Now, you may say that running is a mainstream sport, how is this a trip down the Long Tail? This is an example of the Long Tail in that I had a very specific need that a mass market retailer could not be unable to meet.
I went into the shop and met with Mary Ann, the owner. Although my brand loyalty has been with Altra for years, I went in my few preconceived notions of want I wanted; rather I would rely 100% on her experience and knowledge to help guide me to a shoe that would keep me running regularly, but more importantly, safely.
Mary Ann spent a solid 45 minutes with me on a busy Saturday afternoon. We talked about my issues, past experiences and preferences. She evaluated me gate (I’m neutral) and tried on a half a dozen different shoes in various sizes until I found one pair that offered me the comfort and protection I needed: The Hoka One One Bondi.
The experience was phenomenal, and I have recommended Good Times to several friends, all of whom had the same level of service and satisfaction.
From now till doomsday, I will only buy my trainers from Mary Ann. It would be cheaper, faster and more convenient to go online, grab my next pair, but why would I when I have the opportunity to engage with a fellow runner, talk with an expert and get exactly what I need. As an added benefit, I get to support a small local businesses, which I love being able to do.
It did not occur to me that this story was worth sharing until it happened recently when I wanted to ride down the Long Tail again. Like before, it would have been much easier and more convenient to have gone to Amazon, but I really wanted to talk with someone before making my purchase.

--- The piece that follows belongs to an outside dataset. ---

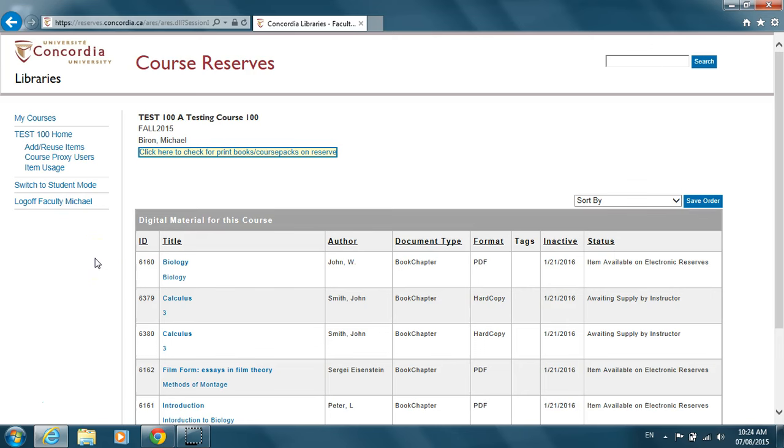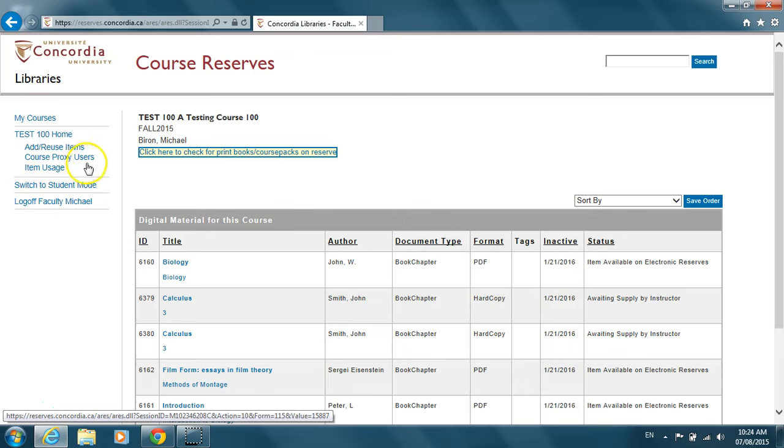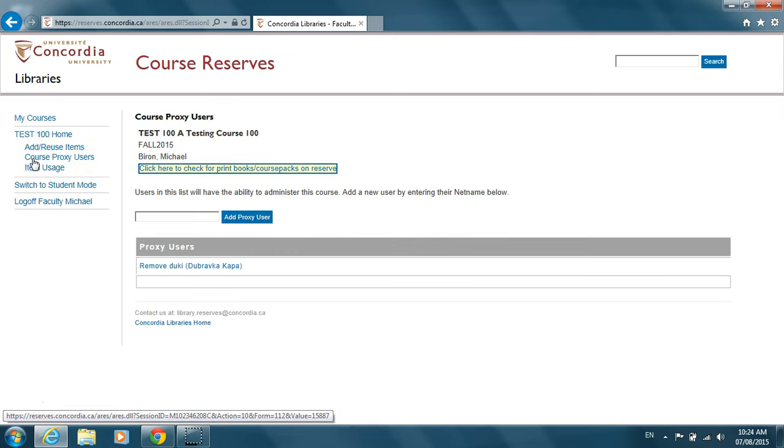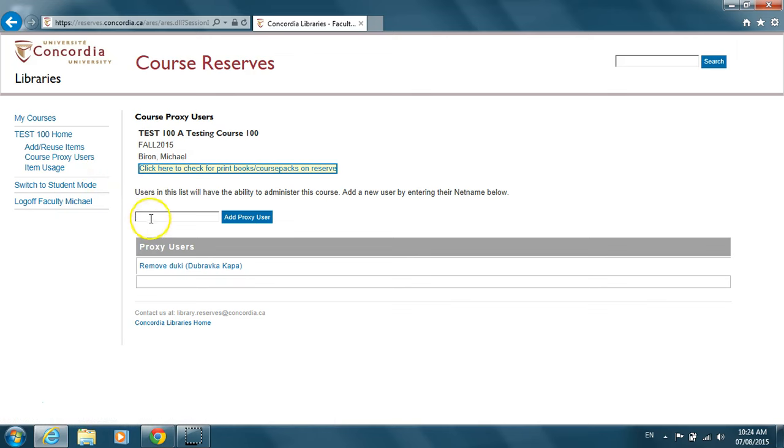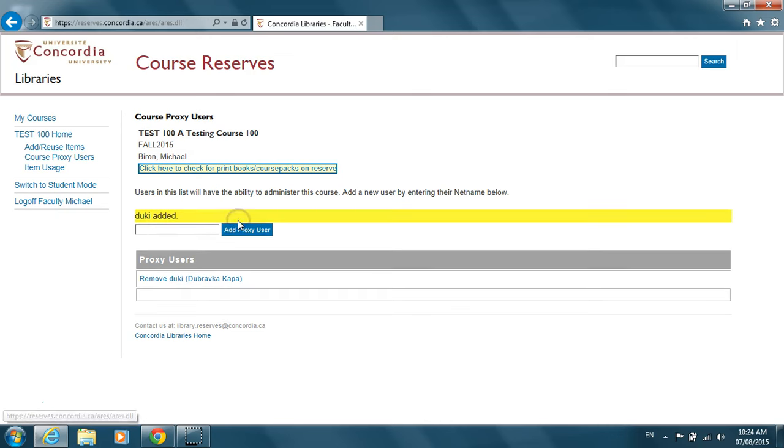Click on the Course Proxy Users link on the left hand side of the page. Enter the net name of the proxy user you wish to add and click Add Proxy User. A message will appear telling you that the user has been added.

For years, I have made a practice of Julia Cameron’s Morning Pages. I find the act of writing a form of active meditation, and often time find answers to tough problems while relaxing at the same time. A couple of weeks ago, I was listening to a Tim Ferriss interview with Neil Gaiman. Although I have read a ton of Gaiman’s books, I do not care for them but still find him terribly interesting, so I was excited to listen to the interview.

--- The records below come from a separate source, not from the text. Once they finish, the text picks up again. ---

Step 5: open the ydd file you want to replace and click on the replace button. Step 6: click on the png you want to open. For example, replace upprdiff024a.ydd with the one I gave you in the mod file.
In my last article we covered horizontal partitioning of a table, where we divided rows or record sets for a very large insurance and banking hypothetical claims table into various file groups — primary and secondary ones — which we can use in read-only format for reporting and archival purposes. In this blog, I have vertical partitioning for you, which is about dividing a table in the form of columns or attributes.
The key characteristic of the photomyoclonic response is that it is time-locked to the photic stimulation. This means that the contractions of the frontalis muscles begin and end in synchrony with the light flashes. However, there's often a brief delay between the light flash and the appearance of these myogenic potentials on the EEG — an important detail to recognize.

One key topic discussed was that he begins writing his novels by hand, not on a keyboard, and he uses a fountain pen. Gaiman went on extolling the virtues of writing with an elegant pen. Such a pleasurable experience. Years ago I had a fountain pen my grandfather gave me but misplaced it — I am sure it is tucked away in a box somewhere in the house. After listening to Gaiman, I wanted one.
I found a shop in Rice Village that deals in specialty writing instruments called Dromgoole’s. I drove into town early Saturday morning to beat the afternoon rush that overtakes the Village on the weekends. I pulled up, walked in, and understood how Harry Potter felt when he walked into the shop to buy his first wand. The place was magical.

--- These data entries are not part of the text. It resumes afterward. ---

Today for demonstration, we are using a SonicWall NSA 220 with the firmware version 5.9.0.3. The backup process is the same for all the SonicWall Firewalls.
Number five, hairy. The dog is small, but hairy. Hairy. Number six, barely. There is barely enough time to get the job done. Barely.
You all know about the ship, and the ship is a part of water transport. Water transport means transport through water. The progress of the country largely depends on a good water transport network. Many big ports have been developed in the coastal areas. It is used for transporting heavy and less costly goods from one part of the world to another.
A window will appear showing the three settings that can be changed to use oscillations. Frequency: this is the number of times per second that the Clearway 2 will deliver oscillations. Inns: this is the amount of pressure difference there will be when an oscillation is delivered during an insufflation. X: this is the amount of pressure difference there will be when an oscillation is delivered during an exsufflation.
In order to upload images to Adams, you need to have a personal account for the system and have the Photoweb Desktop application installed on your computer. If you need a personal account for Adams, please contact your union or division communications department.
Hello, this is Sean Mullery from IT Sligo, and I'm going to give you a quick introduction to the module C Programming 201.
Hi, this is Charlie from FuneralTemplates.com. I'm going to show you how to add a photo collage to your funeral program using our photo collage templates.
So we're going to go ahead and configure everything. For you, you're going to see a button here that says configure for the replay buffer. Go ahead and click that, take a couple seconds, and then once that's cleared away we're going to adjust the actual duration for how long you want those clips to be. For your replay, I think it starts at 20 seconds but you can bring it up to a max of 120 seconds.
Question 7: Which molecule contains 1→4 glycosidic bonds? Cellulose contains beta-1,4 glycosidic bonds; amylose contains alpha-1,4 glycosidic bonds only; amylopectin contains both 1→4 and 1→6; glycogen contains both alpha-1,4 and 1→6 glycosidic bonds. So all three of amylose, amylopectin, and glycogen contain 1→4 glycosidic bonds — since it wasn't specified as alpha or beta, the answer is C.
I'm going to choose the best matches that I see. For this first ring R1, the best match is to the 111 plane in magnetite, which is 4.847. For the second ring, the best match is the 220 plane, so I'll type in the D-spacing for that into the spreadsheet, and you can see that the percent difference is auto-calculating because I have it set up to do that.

I was way, way down the Long Tail. I entered into a world where people value the simplicity of making letters and words by hand. Adding meaning and personality to the words they write. People who slow down long enough to absorb all that is good in the world, including the simple and pleasure of writing.
As I entered the store, Larry Dromgoole introduced himself to me and asked what brought me in.
“I’m looking for a starter fountain pen”, I replied. Larry asked for a a price range and jumped right into showing me an array of pens. Holding each pens, dipping the tips into a jar of ink to see how it looked and felt as I wrote – the experience was wonderful.
I felt like Harry Potter leaving the store – equipped to perform magic.
And isn’t that what traveling down the Long Tail is all about after all. Yes, the Long Tail is about choice and economics. It worked in spades for both of these examples because there is no doubt in my mind both these shops just got a customer for life. The added benefit is this journey is that you not only have the opportunity to connect with new things, by finding exactly the things you want, but there now exists an unforeseen opportunity that pushes the idea even further, to be able to explore more of the things that make you happy but also dive more into who you are.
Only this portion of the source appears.